Annemasse: 6 millions d’euros pour la culture

«La culture est, contrairement à d’autres domaines dans lesquels les relations restent parfois tendues, un territoire dans lequel les échanges avec Genève ne cessent de se renforcer», souligne Nabil Louaar, maire-adjoint à la culture de la Ville d’Annemasse. Souvent ignorée, parfois méprisée par les Genevois – on se souvient de la campagne de l’UDC qui avait fait scandale en 2009, appelant au rejet du CEVA accusé de d’être «un nouveau moyen de transport pour la racaille d’Annemasse» – la cité haut-savoyarde accorde une place prépondérante à l’art et la culture, qui représente 12% du budget de la Ville, soit près de 6 millions d’euros.

En plus des associations, Annemasse dispose en effet de quatre piliers culturels: la bibliothèque, le Conservatoire, le Centre d’art contemporain (qui collabore régulièrement avec la HEAD de Genève) et Château Rouge. Preuve de cet investissement dans la culture: le centre artistique entame des travaux de rénovation d’une durée de deux ans de sa grande salle, à hauteur de 11 millions d’euros.

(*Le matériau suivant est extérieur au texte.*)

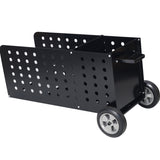 ZUN Firewood Cart,fireplace log rolling cart,wood rack ,heavy duty in door outdoor rolling cart W46543806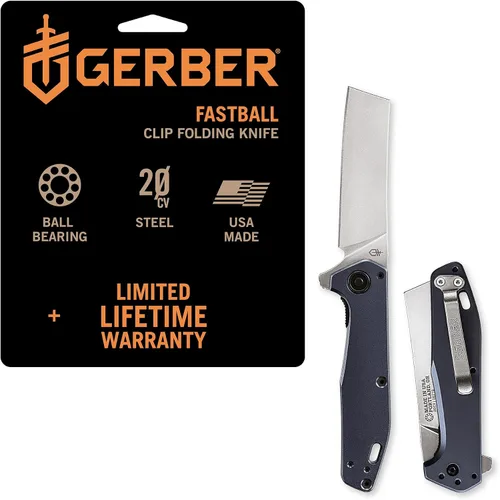 Vista 12 de Gerber Gear Fastball - Cuchillo plegable delgado y ligero con liberación de bloqueo, cuchillo de bolsillo con clip de 3 posiciones, equipo EDC, 3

Existe-il une crainte chez les Annemassiens que le CEVA soit générateur de concurrence? «Au contraire, Genève propose une formidable offre artistique qui profite également à Annemasse. Des partenariats transfrontaliers existent déjà et nous espérons intensifier ces derniers dans le futur», précise Nabil Louaar.

Ici aussi, il est avant tout question de complémentarité. Entre des spécificités territoriales, un rayonnement à l’international de Genève et des budgets au poids inégal, Annemasse fait figure de petite sœur. Un point commun cependant: des croissances démographiques galopantes des deux côtés de la frontière. Et par conséquent, un public en constante rotation, à séduire sans relâche.

La fin des frontières

Car le Léman Express, c’est aussi l’occasion pour les spectateurs genevois d’aller découvrir, peut-être timidement au début, ce qui se joue chez nos voisins. «C’est une chance énorme d’avoir une offre artistique aussi étendue qui dépasse les frontières, insiste Natacha Koutchoumov, co-directrice de La Comédie. L’art permet d’aller au-delà des limites géographiques et de se distancer des clichés.»

Créer de l’art pour susciter du lien, c’est aussi dans cette optique que travaille le chorégraphe Nicolas Cantillon de la Compagnie 7273, approchée pour prendre part à l’inauguration de 2020. «Cette idée de train transfrontalier est un concept en soi autour duquel nous pouvons bâtir une identité commune. C’est un mouvement continu qui ne s’arrête plus à la frontière. Un prolongement des matières artistiques», explique celui qui se produit autant en Suisse que dans l’Hexagone.

Le collectif «Les Trois points de suspension» basé à St-Julien-en-Genevois, également pressenti pour la future cérémonie, s’interroge depuis longtemps sur le Grand Genève: «Les lieux et les territoires sont vus comme des jeux. On utilise les règles et les frontières d’un espace pour façonner des récits.»  Déjà présente lors de l’inauguration de la pose de la première pierre du chantier de la gare des Eaux-Vives en juin 2017, la compagnie prévoit pour la manifestation d’avril 2020 de créer des performances autour du concept de bains publics, dont les Genevois étaient friands au début du XXème siècle.

Frontières administratives ou frontières géographiques, le CEVA se positionne comme un lien symbolique pour les surmonter. Tandis que certains déplorent «un manque de communication sur le rayonnement culturel du Grand Genève», d’autres proposent d’y remédier en proposant, pourquoi pas, une politique tarifaire commune, selon une suggestion du directeur de Château Rouge. Là encore, un signal fort.